Royal Grammar School


Getting Better All the Time

Getting Better All the Time

No, not a tribute to that great Beatles song – though it’s not a bad anthem for schools – but very much the theme for today, most of which (on my part) has been devoted to entertaining 15 fellow professionals following the Future Leaders’ course. These visitors were from the Midlands (good to hear voices from such a large chunk of my past!), already in senior positions in schools and preparing themselves, through this study tour amongst other activities, for headship. In truth, it’s not really about headship in places like the RGS. This focussed and effective programme equips school leaders to work in some of our most challenging and challenged schools: and it works, because I’ve met previous graduates.

As always happens in the best visits, it was truly an exchange of professional practice. Being questioned closely and searchingly by perceptive professionals – and I mean those adverbs! – makes us examine our own policy and practice: why do we do such things? Can we do better? What are the strengths on which we should build? Because it’s not good enough merely to be satisfied: we can always get better.

These future leaders are a symptom of what’s happening in education nationally, a real thirst for improvement driven by people who have that hunger, and the knowledge, confidence and expertise to ensure the improvement happens.

It’s an interesting time to receive such a visit, when we’ve just started analysing the colossal amount of data from the four surveys we’ve recently carried out: we’ve sought opinions from parents, students, teaching and support staff.

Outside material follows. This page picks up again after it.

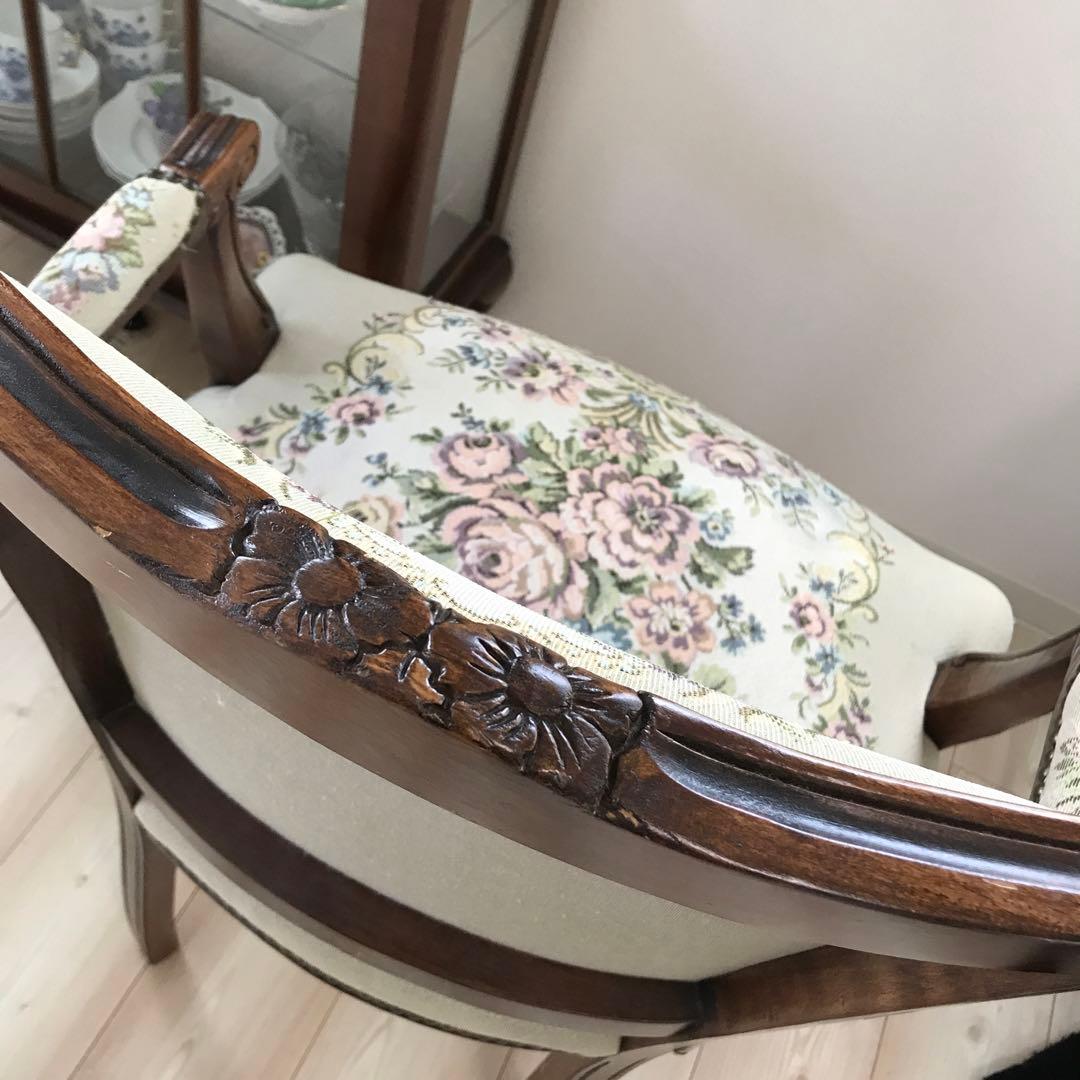 フランス　アンティーク肘掛け椅子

It’s too early to come to conclusions, though a high level of agreement on common major themes is immediately apparent: but it certainly challenges my senior colleagues and me to think, so we felt particularly well-informed when our visitors quizzed us.

A great professional sharing, then: and a pleasure to meet such good, dedicated and similarly-minded colleagues from another area and sector.

And if that kind of improvement wasn’t enough, then at lunchtime I enjoyed a presentation from the four lower sixth-formers who’ve just completed their engineering placement scheme with Nissan. Their hosts really followed the spirit of the excellent Engineering Education Scheme. The students were given a real engineering challenge which, if their proposed solution is successful and implemented, will significantly streamline the production process for Nissan’s Juke and Note models in Sunderland. A real problem in real time: real engineering; real learning!

Oh, and while all that was happening, and so much other learning and endeavour going on as usual, everyone had paid £2 to Comic Relief to come in non-uniform. A generous thing, no great demand made of anyone, yet a collective result that makes real impact. 

Perhaps that’s a metaphor for education as a whole: it’s certainly been a good day.